She’s already raring for the Marathon du Mont-Blanc in France on June 23. She says she only does some light exercises now that she’s recovering from an injury… like running for only an hour! 

In January she was named the 2017 National Geographic People’s Choice Adventurer of the Year. “It was a dream come true… actually I never even dreamt of it, so I could not believe it when I heard,” laughed Mira. “And then we did a photoshoot and I put on a dress and make-up.” She continues to laugh, as though she hasn’t quite gotten over the whole experience of dressing up for a fashion shoot of sorts. 

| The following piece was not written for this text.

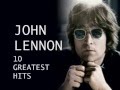 JOHN LENNON TOP 10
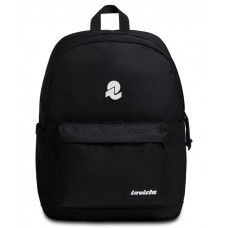 INVICTA CARLSON PLAIN ZAINO NERO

Mira loves taking selfies and this was taken when the camera was set on timer mode at a training camp in China. 
Mira Rai in Calcutta at the Dover Road address of her host, Akhil Sapru. Picture: Rashbehari Das

She’s been back in Nepal these last seven months, living with her old karate teacher Dhurba Bikram Malla, the chief coach at Balaju Karate-Do Academy in Nepal. She only goes home to her parents when they need something, since it’s a two-day bus journey away. “They’re still working very hard, even though I’m paying for my sisters. And I bought a very small plot of land where my brothers have a chicken farm.”

Mira never got to finish studying, so she wants her sisters to finish what she didn’t. With one studying to be a Junior Technical Assistant (JTA ) in agriculture and the other studying veterinary science, Mira is pleased with how things are progressing. “It’s important to study. I’m still working on my English. Now the children in Kathmandu want to run like me, so I’m trying to help them.” 

She’s working with Richard Bull of Trail Running Nepal to organise races for anyone who’s interested. “I try to guide them from the experience I’ve gained. And Trail Running Nepal recently gave out 90 pairs of shoes. I know I am lucky because Salomon (the sports gear company) has been kind enough to sponsor me... it is difficult otherwise, very difficult,” she admits.